The error isn’t bad, but you’ll note that while it says “borrowed value needs to live until here” it doesn’t tell you why the borrowed value needs to live that long – only that it does. Compare that to the new error you get from the same code:

error[E0597]: `json` does not live long enough
  --> src\main.rs:39:17
39 |         let v = json["data"]["search"]["edges"].as_array();
   |                 ^^^^ borrowed value does not live long enough
53 |     }
   |     - borrowed value only lives until here
70 |             ", last_cursor))
   |                ----------- borrow later used here

The new error doesn’t tell you “how long” the borrow must last, it points to a concrete use. That’s great.

Other times, though, the errors from the new checker are not as good. This is particularly true when it comes to suggestions and tips for how to fix things.

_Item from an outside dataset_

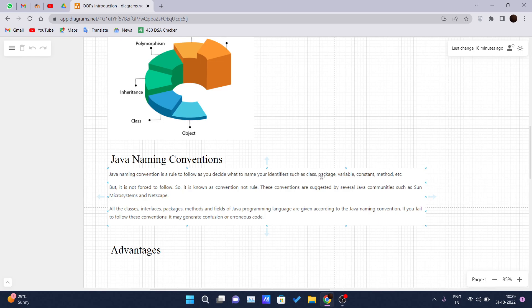Till now you have seen we are giving some names to the variables, some name to the classes. So there are some naming conventions declared by Sun Microsystems or Netscape, which we should follow so that our code should be maintainable and readable to other users also.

We’ve gone through all of our internal diagnostic tests and drawn up a list of about 37 issues, documenting each point where the checker’s message is not as good as the old one, and we’re working now on drilling through this list.

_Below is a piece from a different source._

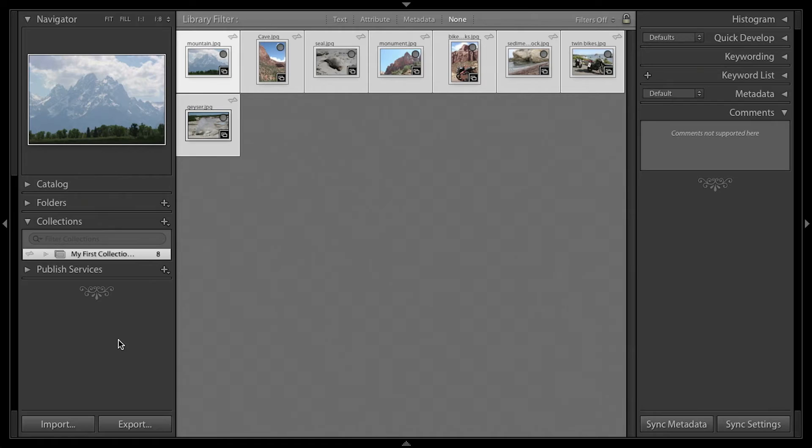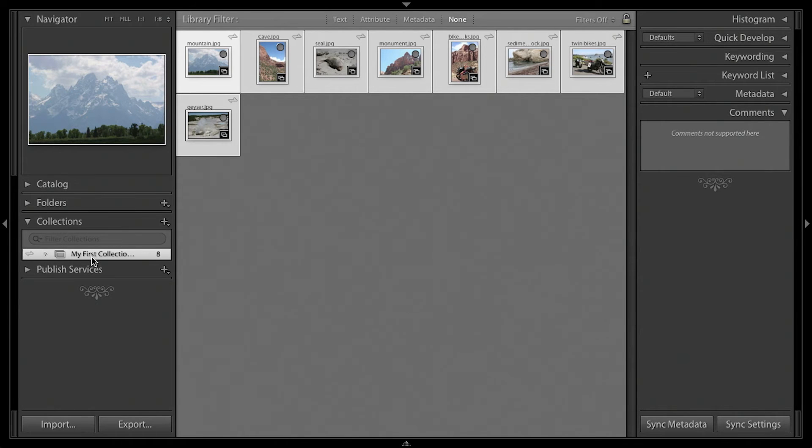Once images have been imported, you'll see them in Lightroom's library module. The first time you import images, they will be automatically added to a collection called My First Collection.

In my previous blog post, I described a new version of the borrow check, which we have since dubbed Polonius. That analysis further improves on the MIR-based borrow check that is in Nightly now. The most significant improvement that Polonius brings has to do with “conditional returns”. Consider this example:

fn foo<T>(vec: &mut Vec<T>) -> &T {
  let r = &vec[0];
  if some_condition(r) {
    return r;
  // Question: can we mutate `vec` here? On Nightly,
  // you get an error, because a reference that is returned (like `r`)
  // is considered to be in scope until the end of the function,
  // even if that return only happens conditionally. Polonius can
  // accept this code.

In this example, vec is borrowed to produce r, and r is then returned – but only sometimes. In the MIR borrowck on nightly, this will give an error – when r is returned, the borrow is forced to last until the end of foo, no matter what path we take. The Polonius analysis is more precise, and understands that, outside of the if, vec is no longer referenced by any live references.

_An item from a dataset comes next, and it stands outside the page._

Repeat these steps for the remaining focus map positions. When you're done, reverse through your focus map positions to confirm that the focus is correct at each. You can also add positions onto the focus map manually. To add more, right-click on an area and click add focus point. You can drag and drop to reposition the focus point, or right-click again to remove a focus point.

We originally intended for NLL to accept examples like this: in the RFC, this was called Problem Case #3. However, we had to remove that support because it was simply killing compilation times, and there were also cases where it wasn’t as precise as we wanted. Of course, some of you may recall that in my previous post about Polonius I wrote:

…the performance has a long way to go ([Polonius] is currently slower than existing analysis).

I’m happy to report that this problem is basically solved. Despite the increased precision, the Polonius analysis is now easily as fast as the existing Nightly analysis, thanks some smarter encoding of the rules as well as the move to use datafrog. We’ve not done detailed comparisons, but I consider this problem essentially solved.

If you’d like, you can try Polonius today using the -Zpolonius switch to Nightly. However, keep in mind that this would be a ‘pre-alpha’ state: there are still some known bugs that we have not prioritized fixing and so forth.


The key take-aways here:

  • NLL is in a “feature complete” state on Nightly.
  • We are doing a focused push on diagnostics and performance, primarily.
  • Even once it ships, we can expect further improvements in the future, as we bring in the Polonius analysis.